Data segment –
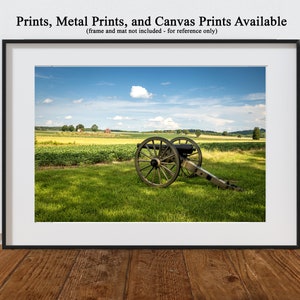 Gettysburg - Cannon on Battlefield - prints, metal prints, and canvas available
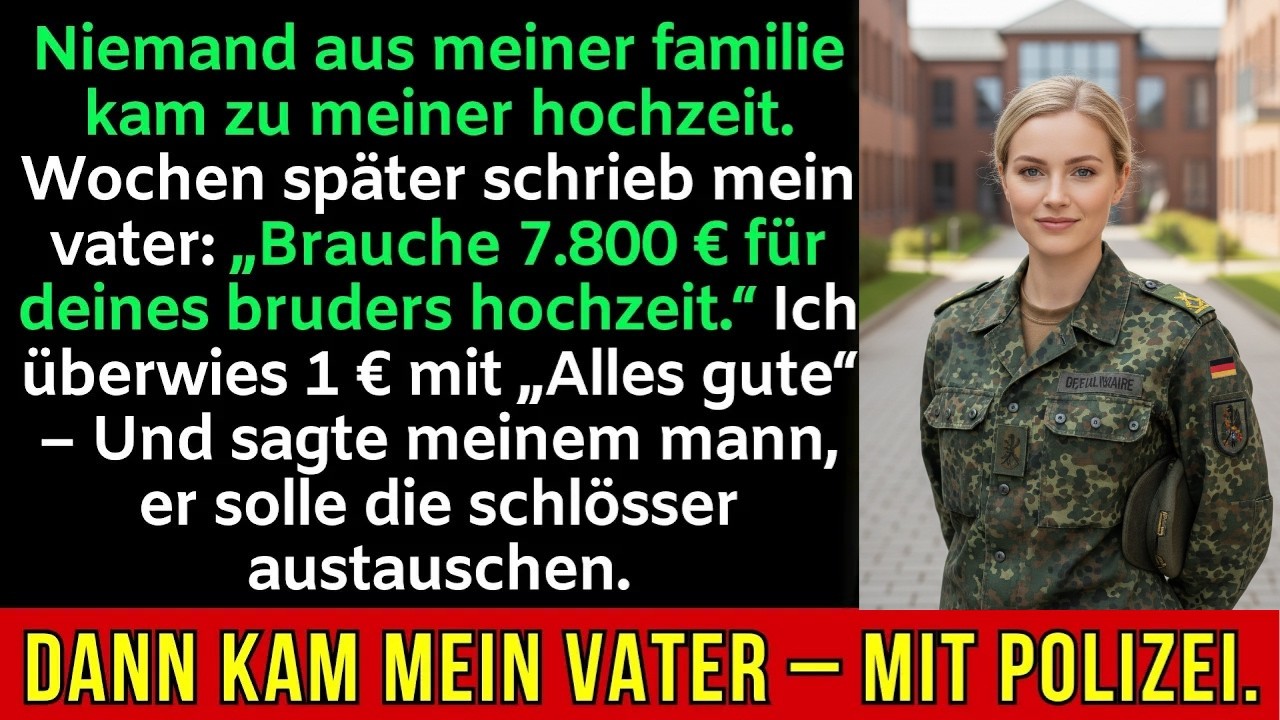 Meine Familie ließ mich an meiner Hochzeit im Stich – dann kam mein Vater mit der Polizei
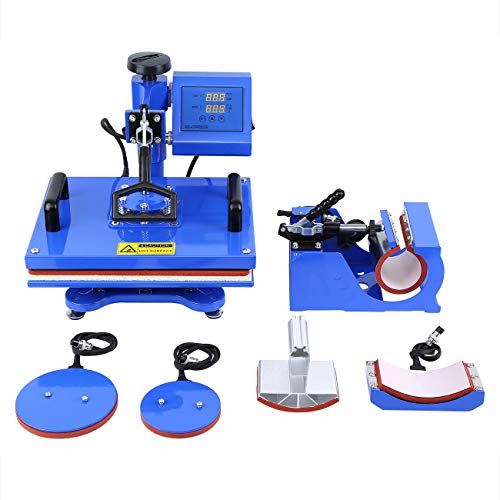 TryESeller Máquina de prensa de calor digital Swing Away Transferir la sublimación de la impresora para camiseta Mug Plate Hat 12"X 15" (5 IN 1)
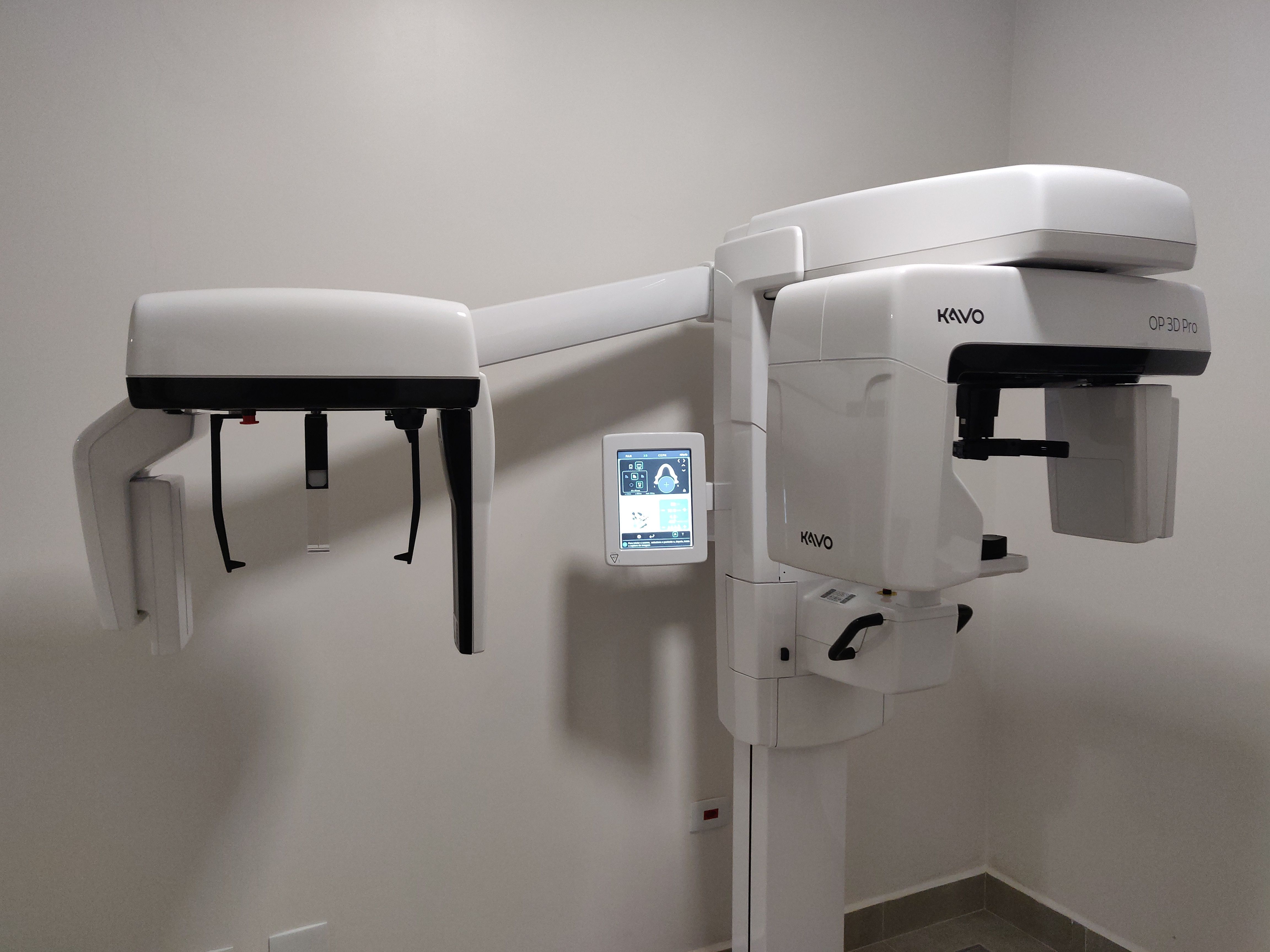 Imagem do equipamento radiológico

Problem – Without any pictures, please write out the lines from the one containing "Meine Familie ließ" through the final line of the data, exactly and inclusive of both ends.

Response box –
 Meine Familie ließ mich an meiner Hochzeit im Stich – dann kam mein Vater mit der Polizei
 TryESeller Máquina de prensa de calor digital Swing Away Transferir la sublimación de la impresora para camiseta Mug Plate Hat 12"X 15" (5 IN 1)
 Imagem do equipamento radiológico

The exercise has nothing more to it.